CpG Island Mapping by Epigenome Prediction
Figure 3
ROC Curves Comparing the Performance of Four Prediction Scores and Three Sequence Criteria against DNA Methylation and Promoter Activity
This figure compares the prediction performance of four CpG island scores that are based on epigenome prediction (upper legend box) and of three simple sequence criteria (lower legend box). In (A), (C), and (E), overlap with unmethylated regions is used for evaluation, and in (B), (D), and (F), overlap with experimentally determined transcription start sites (as an indicator of promoter activity) is used instead.
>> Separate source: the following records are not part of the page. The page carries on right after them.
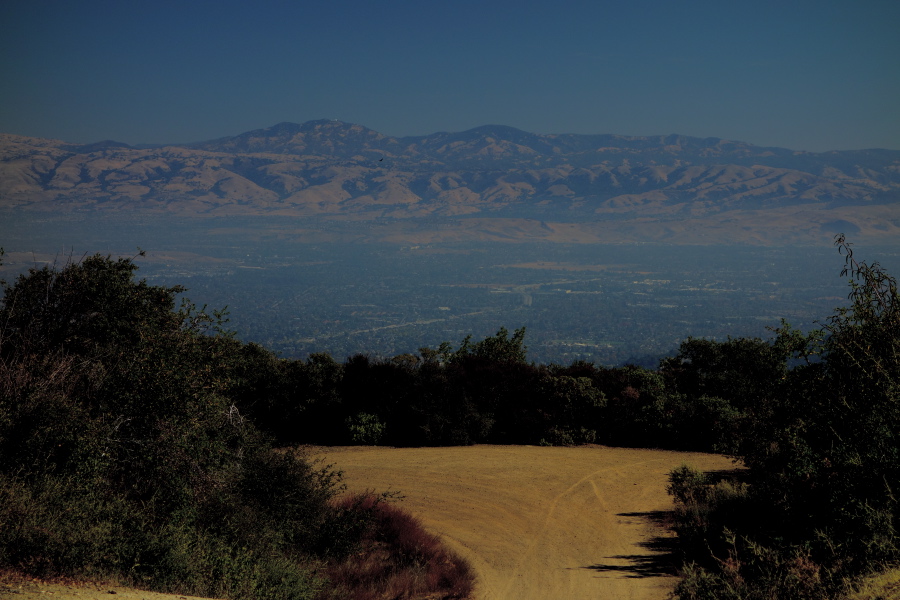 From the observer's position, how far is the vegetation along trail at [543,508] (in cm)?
1401

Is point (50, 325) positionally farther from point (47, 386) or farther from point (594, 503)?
point (594, 503)

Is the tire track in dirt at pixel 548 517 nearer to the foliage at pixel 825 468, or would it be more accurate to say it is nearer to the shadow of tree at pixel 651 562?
the shadow of tree at pixel 651 562

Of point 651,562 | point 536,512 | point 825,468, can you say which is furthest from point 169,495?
point 825,468

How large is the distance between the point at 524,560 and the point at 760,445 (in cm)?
539

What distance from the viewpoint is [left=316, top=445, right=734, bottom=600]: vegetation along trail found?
14.0 metres

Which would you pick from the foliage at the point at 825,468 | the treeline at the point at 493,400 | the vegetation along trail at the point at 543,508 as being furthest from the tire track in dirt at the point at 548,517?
the foliage at the point at 825,468

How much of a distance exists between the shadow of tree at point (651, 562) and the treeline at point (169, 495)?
123 inches

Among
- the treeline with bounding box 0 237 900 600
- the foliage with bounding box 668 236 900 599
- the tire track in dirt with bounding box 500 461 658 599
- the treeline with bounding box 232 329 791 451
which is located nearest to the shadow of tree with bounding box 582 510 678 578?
the treeline with bounding box 0 237 900 600

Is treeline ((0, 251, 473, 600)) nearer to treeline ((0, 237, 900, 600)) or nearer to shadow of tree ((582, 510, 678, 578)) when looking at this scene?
treeline ((0, 237, 900, 600))

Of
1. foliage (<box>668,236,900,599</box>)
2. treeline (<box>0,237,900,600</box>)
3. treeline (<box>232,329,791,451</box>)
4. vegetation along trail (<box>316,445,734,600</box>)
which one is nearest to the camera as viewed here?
foliage (<box>668,236,900,599</box>)

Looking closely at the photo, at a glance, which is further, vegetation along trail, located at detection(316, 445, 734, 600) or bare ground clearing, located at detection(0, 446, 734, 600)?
vegetation along trail, located at detection(316, 445, 734, 600)

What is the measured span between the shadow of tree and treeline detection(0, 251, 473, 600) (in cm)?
311

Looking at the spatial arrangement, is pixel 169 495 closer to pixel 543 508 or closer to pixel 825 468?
pixel 543 508

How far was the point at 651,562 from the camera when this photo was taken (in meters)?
14.6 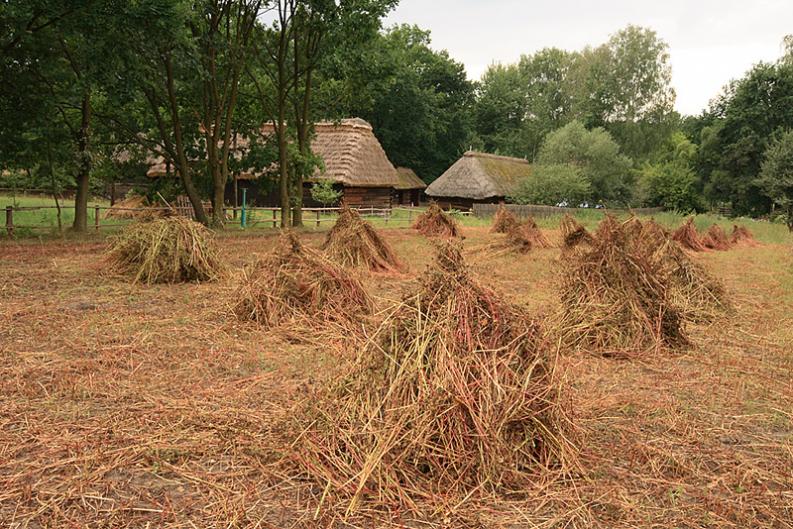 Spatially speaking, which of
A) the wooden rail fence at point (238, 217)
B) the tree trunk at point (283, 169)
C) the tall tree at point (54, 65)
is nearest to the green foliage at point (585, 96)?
the wooden rail fence at point (238, 217)

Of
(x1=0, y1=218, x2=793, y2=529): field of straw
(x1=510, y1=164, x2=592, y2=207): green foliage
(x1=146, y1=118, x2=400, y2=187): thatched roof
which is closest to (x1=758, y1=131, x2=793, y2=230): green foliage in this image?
(x1=510, y1=164, x2=592, y2=207): green foliage

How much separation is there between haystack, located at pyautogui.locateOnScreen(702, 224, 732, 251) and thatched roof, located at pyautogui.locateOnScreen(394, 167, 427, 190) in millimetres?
26711

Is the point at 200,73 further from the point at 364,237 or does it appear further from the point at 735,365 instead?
the point at 735,365

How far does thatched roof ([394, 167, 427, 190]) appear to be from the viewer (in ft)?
149

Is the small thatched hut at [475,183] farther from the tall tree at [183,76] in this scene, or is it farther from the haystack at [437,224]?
the tall tree at [183,76]

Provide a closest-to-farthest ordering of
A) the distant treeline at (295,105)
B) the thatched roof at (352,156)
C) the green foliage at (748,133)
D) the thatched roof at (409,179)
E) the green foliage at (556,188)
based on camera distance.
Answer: the distant treeline at (295,105), the thatched roof at (352,156), the green foliage at (556,188), the green foliage at (748,133), the thatched roof at (409,179)

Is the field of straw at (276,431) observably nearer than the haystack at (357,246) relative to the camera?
Yes

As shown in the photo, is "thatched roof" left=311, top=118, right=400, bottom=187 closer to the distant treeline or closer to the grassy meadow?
the grassy meadow

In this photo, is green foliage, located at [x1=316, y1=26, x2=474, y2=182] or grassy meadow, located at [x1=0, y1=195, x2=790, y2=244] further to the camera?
green foliage, located at [x1=316, y1=26, x2=474, y2=182]

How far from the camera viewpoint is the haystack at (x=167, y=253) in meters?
9.62

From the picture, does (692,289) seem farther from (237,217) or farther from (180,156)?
(237,217)

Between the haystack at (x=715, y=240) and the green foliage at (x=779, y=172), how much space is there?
14.5m

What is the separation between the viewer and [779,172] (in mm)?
34281

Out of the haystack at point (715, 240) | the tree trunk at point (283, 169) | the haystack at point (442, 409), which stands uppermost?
the tree trunk at point (283, 169) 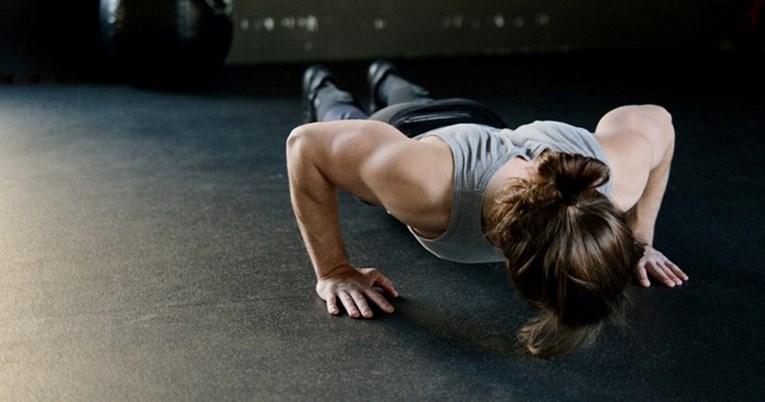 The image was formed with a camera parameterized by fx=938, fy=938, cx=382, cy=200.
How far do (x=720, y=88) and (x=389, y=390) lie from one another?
11.5 feet

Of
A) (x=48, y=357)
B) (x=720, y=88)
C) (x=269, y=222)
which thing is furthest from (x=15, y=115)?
→ (x=720, y=88)

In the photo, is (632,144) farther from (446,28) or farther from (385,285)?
(446,28)

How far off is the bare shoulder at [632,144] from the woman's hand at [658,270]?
26 centimetres

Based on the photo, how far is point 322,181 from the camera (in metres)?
1.95

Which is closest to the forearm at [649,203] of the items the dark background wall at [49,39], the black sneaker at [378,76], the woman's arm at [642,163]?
the woman's arm at [642,163]

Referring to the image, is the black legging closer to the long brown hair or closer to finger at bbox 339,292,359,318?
finger at bbox 339,292,359,318

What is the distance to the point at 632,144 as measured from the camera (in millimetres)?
2006

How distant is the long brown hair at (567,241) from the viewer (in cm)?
156

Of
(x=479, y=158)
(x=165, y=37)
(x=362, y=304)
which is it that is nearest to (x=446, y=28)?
(x=165, y=37)

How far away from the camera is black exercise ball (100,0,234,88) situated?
434 cm

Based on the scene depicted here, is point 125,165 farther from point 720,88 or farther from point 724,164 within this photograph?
point 720,88

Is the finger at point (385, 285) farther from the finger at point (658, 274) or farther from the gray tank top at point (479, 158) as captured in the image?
the finger at point (658, 274)

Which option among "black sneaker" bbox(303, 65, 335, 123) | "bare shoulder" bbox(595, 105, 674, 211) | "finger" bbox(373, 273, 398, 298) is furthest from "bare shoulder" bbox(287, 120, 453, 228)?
"black sneaker" bbox(303, 65, 335, 123)

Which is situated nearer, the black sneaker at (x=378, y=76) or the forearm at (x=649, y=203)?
the forearm at (x=649, y=203)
All graphs plot the true positive rate against the false positive rate in the form of ROC curves [27]. The scales on top of the plots display the threshold values for the combined epigenetic score that correspond to the tradeoff between false positive rate and true positive rate at any one position. The thresholds for the combined epigenetic score are highlighted by triangles: 0.5 (balance between sensitivity and specificity), 0.33 (high sensitivity), and 0.67 (high specificity). Averaged across all six graphs, the ROC area under the curve performance measure (i.e., the percentage of the unit square that lies below the ROC curve [27]) amounts to the following values: predicted unmethylated score, 65.4%; predicted promoter activity score, 74.8%; open chromatin score, 72.2%; combined epigenetic score, 75.8%, GC content, 67.1%; CpG observed-to-expected score, 70.6%; and CpG island length, 75.5%.